Now thats pretty neat !!
But not totally a first. I have a cast iron faceplate for my Rockwell wood lathe that has left and right hand threads cut at 1 inch 8 tpi to go on the right hand inboard or left hand outboard spindles.

Greg


----------



## f350ca (Dec 19, 2020)

Forgot about that application Alexander, level wind bait casting reals use that thread.

Greg


----------



## Alexander McGilton (Dec 19, 2020)

Do you know of an older patent for a fishing real using such a thread? I'm just curious not confrontational.


----------



## f350ca (Dec 19, 2020)

No patent information, just mentioned it as an application.

Greg


----------



## silverhawk (Dec 19, 2020)

I was more impressed that he said "I want to try threading" right at the start, and he picked this setup for it.  The stresses on that tungsten cutter tip had to be high (no wonder he broke one of those cutters), even going as slow as he was.  It was a different way to do it, but it accomplished what he set out to do, and it was effective.


----------



## silence dogood (Dec 19, 2020)

My dad had a Yankee handyman #233H push screwdriver. It had a three position slide.  I think up position was clockwise, down was counter clockwise, middle was fixed like a regular screwdriver.  You could even change the bits.  I'd show you a picture but the one that I found was copywrited.


----------



## mmcmdl (Dec 19, 2020)

Right and Left hand duall thread
					

So I dont think this has ever been done before- a right and left hand thread over the top  of each other. Watch the video, its in russian but this guy does some pretty cool stuff.  Russians are crazy!

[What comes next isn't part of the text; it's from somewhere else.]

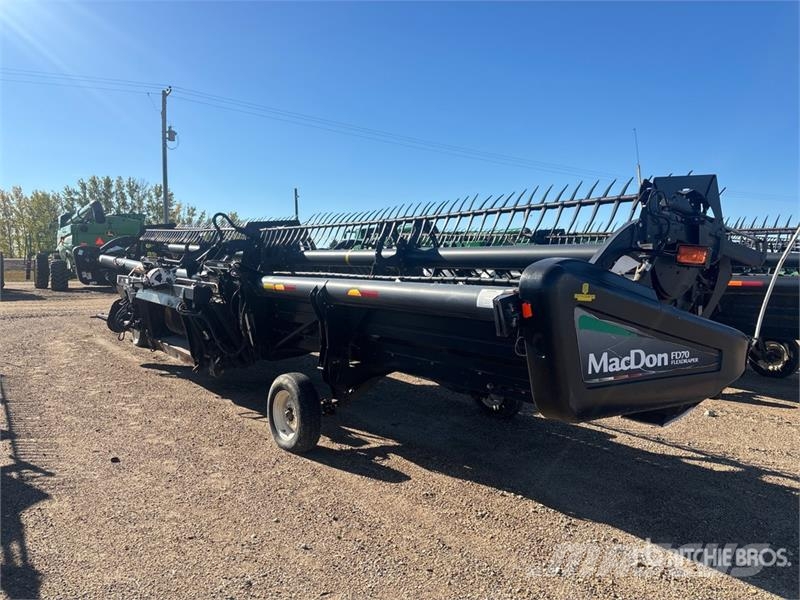 MacDon FD70 Combine harvester heads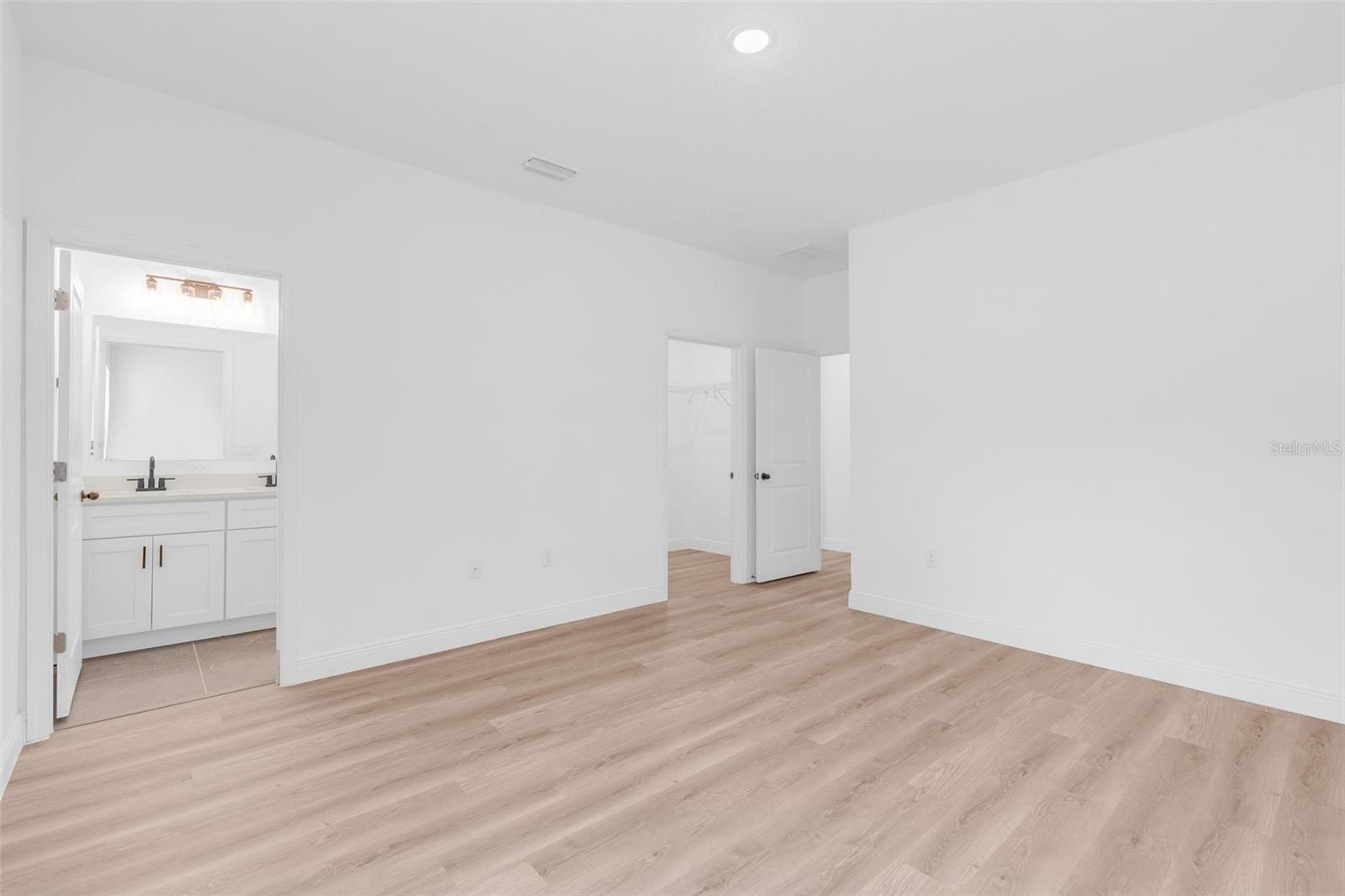 MARION OAKS UN 04 - Residential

					www.hobby-machinist.com
				




We use these on many of our machines in here at work . When I first started here I couldn't figure out just how they worked . Now that I have to fix them just about every night , they're pretty basic . There are cams that insert into the leadscrew that will reverse the direction . Our operators will put them in backwards at times and lock the machines up . That's when I get called . 

I posted the wrong thing . I'm talking about the self reversing leadscrew here .


----------